- _Material supplied_

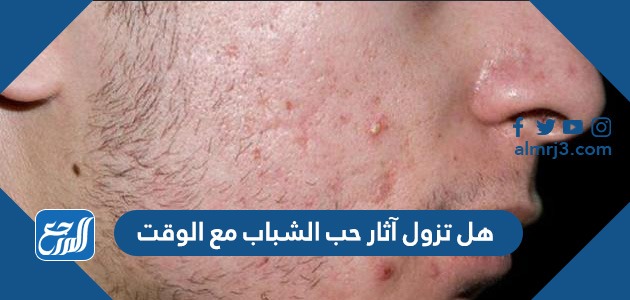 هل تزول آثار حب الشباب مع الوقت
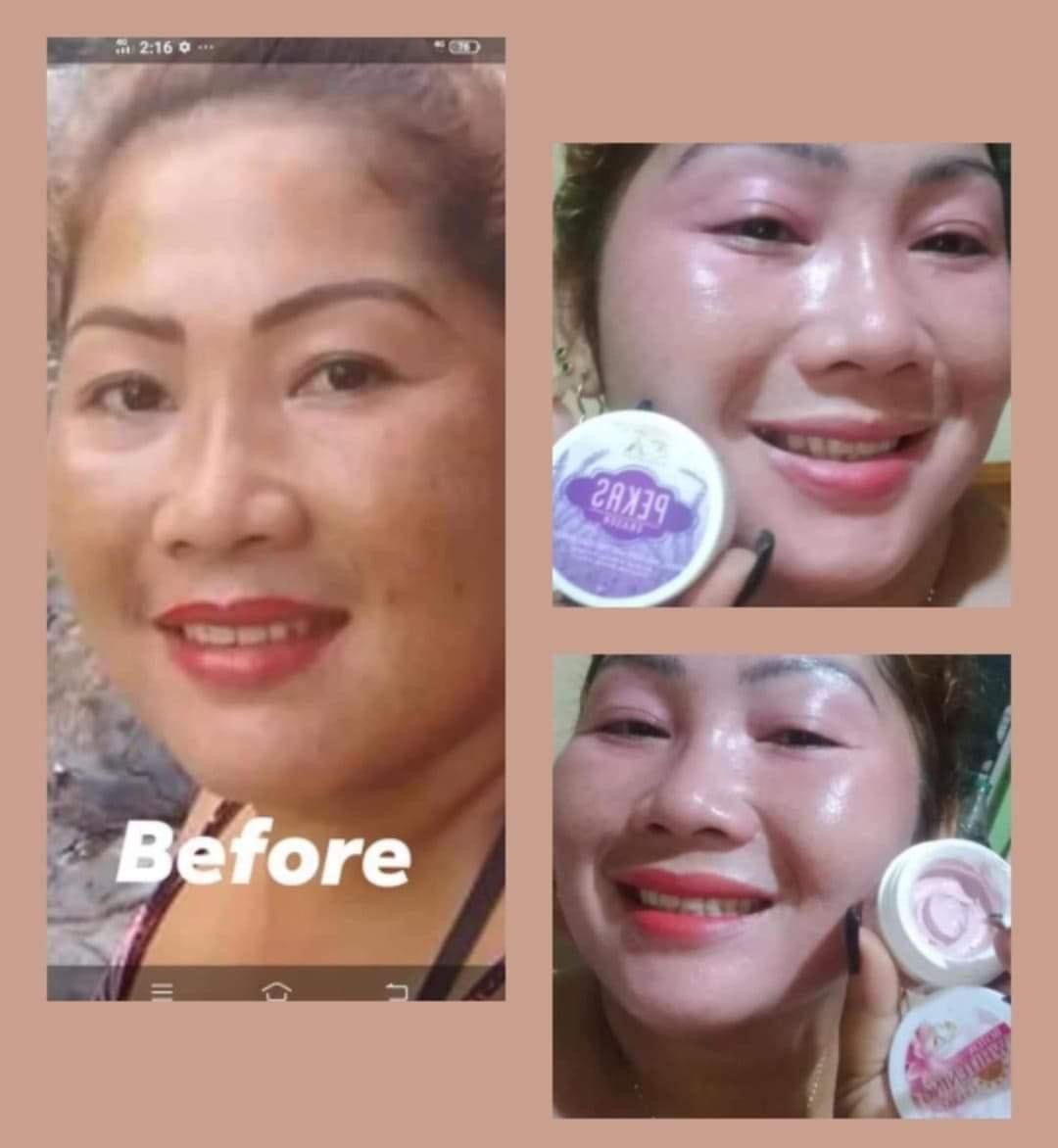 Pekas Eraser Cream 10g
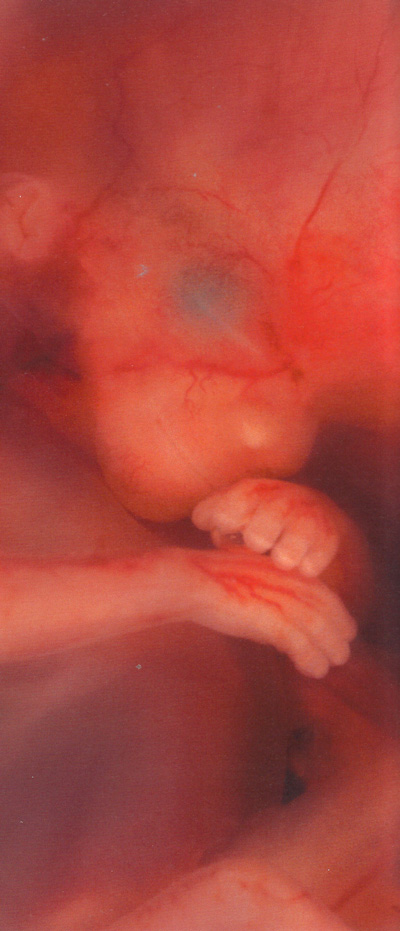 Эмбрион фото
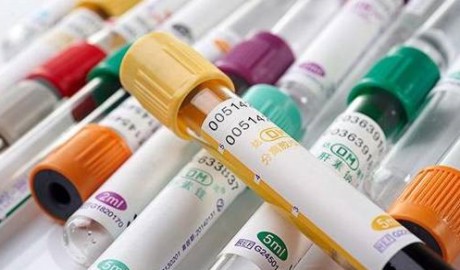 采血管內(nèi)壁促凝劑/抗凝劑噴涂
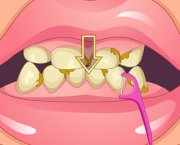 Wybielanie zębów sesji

- _What you will do_
The entries are to be transcribed word for word, without their images.

- _Response to this task_
 هل تزول آثار حب الشباب مع الوقت
 Pekas Eraser Cream 10g
 Эмбрион фото
 采血管內(nèi)壁促凝劑/抗凝劑噴涂
 Wybielanie zębów sesji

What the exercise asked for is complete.